In the listing below, print exactly the lines between the line holding "Photo of Agriculture" and the line holding "Skin Feel Magsafe", inclusive, and no more.

** STORED DATA follows **

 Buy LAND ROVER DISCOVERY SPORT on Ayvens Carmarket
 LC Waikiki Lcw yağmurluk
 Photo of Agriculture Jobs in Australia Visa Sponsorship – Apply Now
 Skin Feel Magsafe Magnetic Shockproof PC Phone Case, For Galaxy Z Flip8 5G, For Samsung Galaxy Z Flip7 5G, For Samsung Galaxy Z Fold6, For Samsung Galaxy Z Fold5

** End of STORED DATA **
** STORED DATA follows **

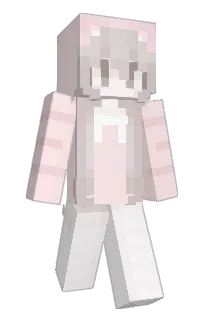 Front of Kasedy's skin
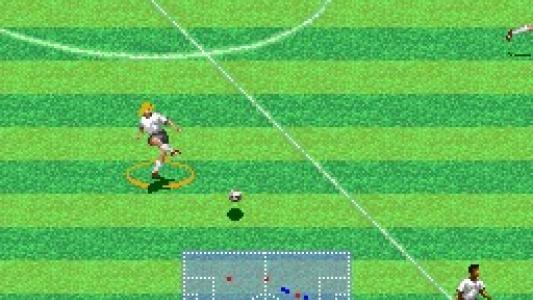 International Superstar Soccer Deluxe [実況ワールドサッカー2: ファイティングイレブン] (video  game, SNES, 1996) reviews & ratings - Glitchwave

** End of STORED DATA **

EXERCISE RESULT
 Photo of Agriculture Jobs in Australia Visa Sponsorship – Apply Now
 Skin Feel Magsafe Magnetic Shockproof PC Phone Case, For Galaxy Z Flip8 5G, For Samsung Galaxy Z Flip7 5G, For Samsung Galaxy Z Fold6, For Samsung Galaxy Z Fold5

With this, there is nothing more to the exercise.